__Task to carry out__. Take every record and write it out again exactly, with no images included.

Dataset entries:
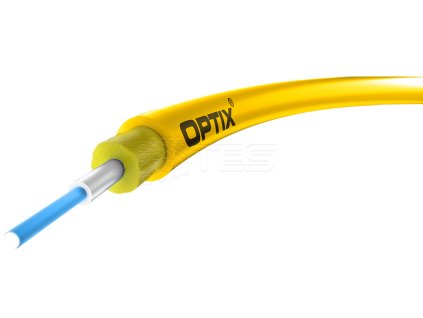 OPTIX DROP Optický kábel, 2-vlákno, G.657A2, 3mm, 120N biely
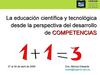 Competencias en la enseñanza de las Ciencias Experimentales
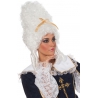 Perruque de marquise blanche luxe - costume baroque 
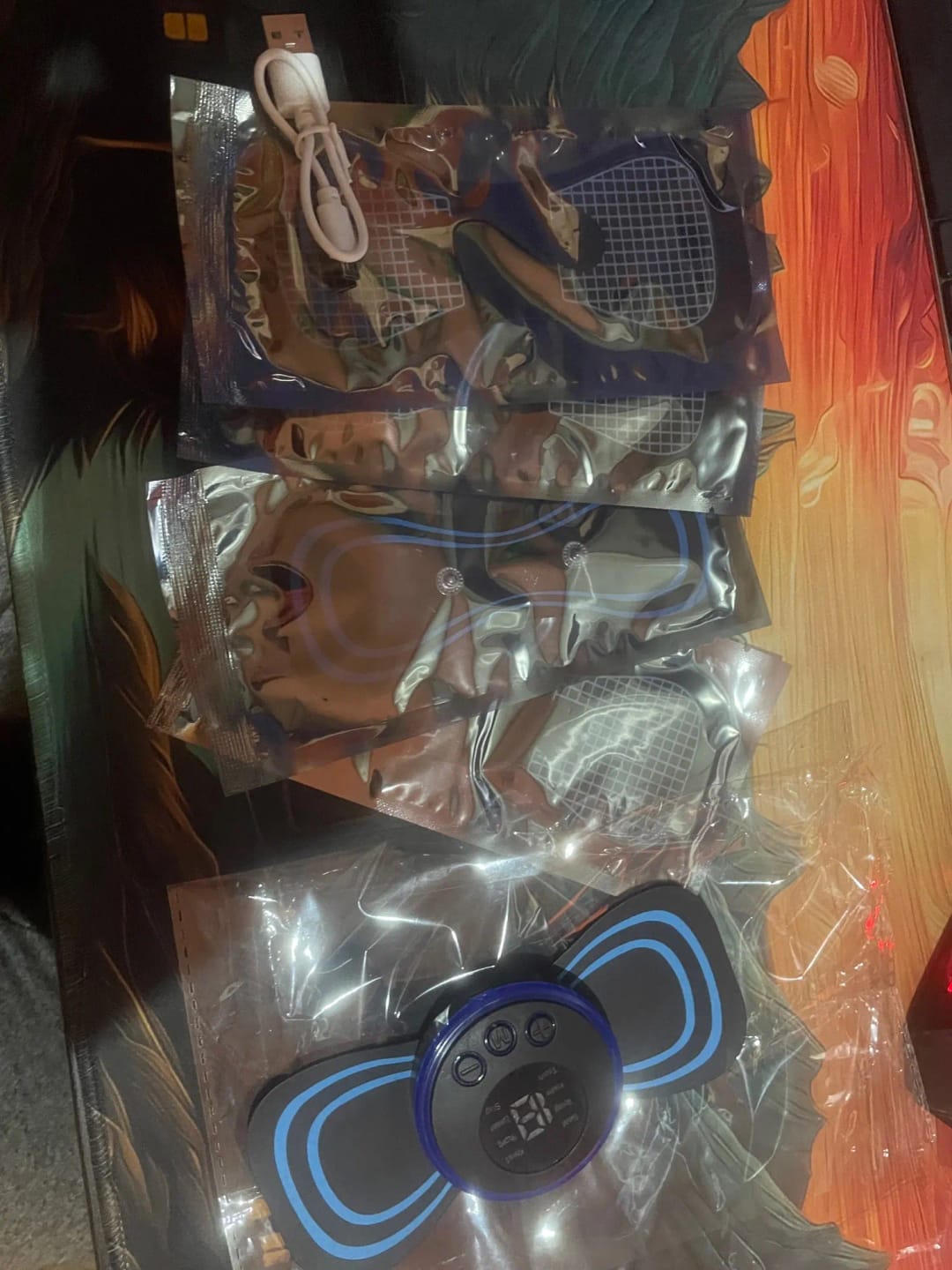 Customer photo review of RelaxWave EMS Neck & Back Massager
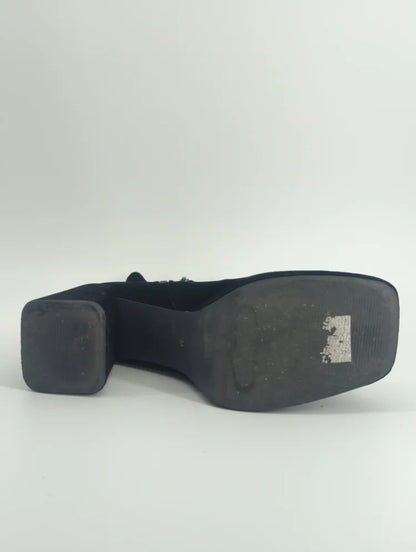 STRETCH BLOCK HEEL BOOTS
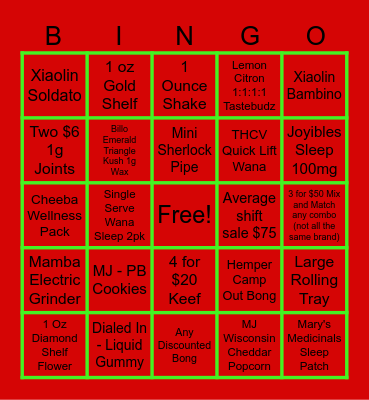 THE GREEN HOUSE PAGOSA Bingo Card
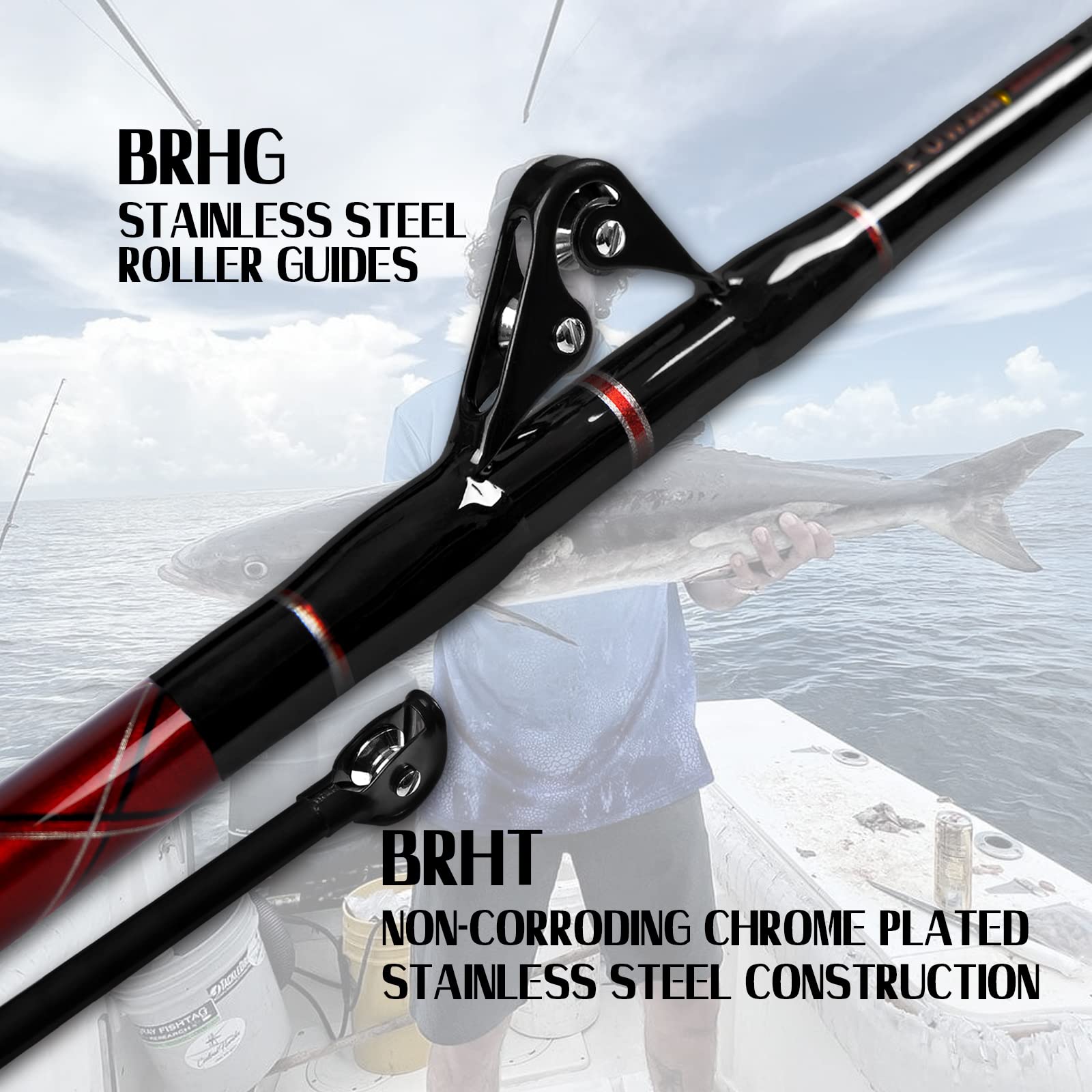Fiblink saltwater-rod-butt-leverage shows cross-shaped butt design delivering improved leverage.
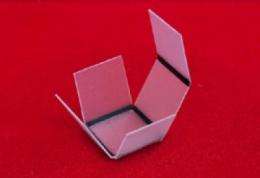 Origami inspires research into materials that self-assemble when exposed to light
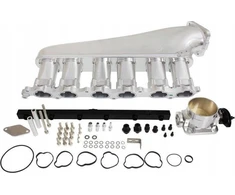 TurboWorks Toyota Lexus 2JZ-GTE CNC įsiurbimo kolektorius 6 purkštukams su kuro bėgeliu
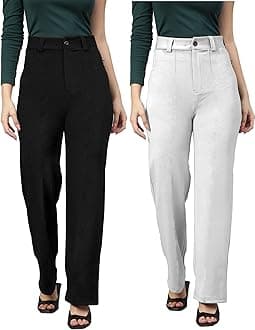 Trousers for Women, Formal Pants for Women, Straight Fit Pants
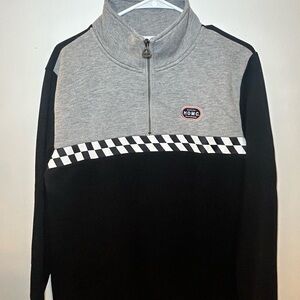 Harley-Davidson Black and Gray Zip-Up Sweater
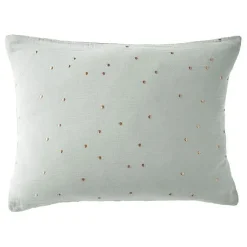 L'Effet Papillon Taie d'oreiller Pois Doré Déco "Gaïa Chic" 60 x 60 cm & 50 x 70 cm "Gaze de Coton" - Gaïa Chic Eucalyptus - 50 x 70 cm New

__Completed exercise__.
 OPTIX DROP Optický kábel, 2-vlákno, G.657A2, 3mm, 120N biely
 Competencias en la enseñanza de las Ciencias Experimentales
 Perruque de marquise blanche luxe - costume baroque 
 Customer photo review of RelaxWave EMS Neck & Back Massager
 STRETCH BLOCK HEEL BOOTS
 THE GREEN HOUSE PAGOSA Bingo Card
Fiblink saltwater-rod-butt-leverage shows cross-shaped butt design delivering improved leverage.
 Origami inspires research into materials that self-assemble when exposed to light
 TurboWorks Toyota Lexus 2JZ-GTE CNC įsiurbimo kolektorius 6 purkštukams su kuro bėgeliu
 Trousers for Women, Formal Pants for Women, Straight Fit Pants
 Harley-Davidson Black and Gray Zip-Up Sweater
 L'Effet Papillon Taie d'oreiller Pois Doré Déco "Gaïa Chic" 60 x 60 cm & 50 x 70 cm "Gaze de Coton" - Gaïa Chic Eucalyptus - 50 x 70 cm New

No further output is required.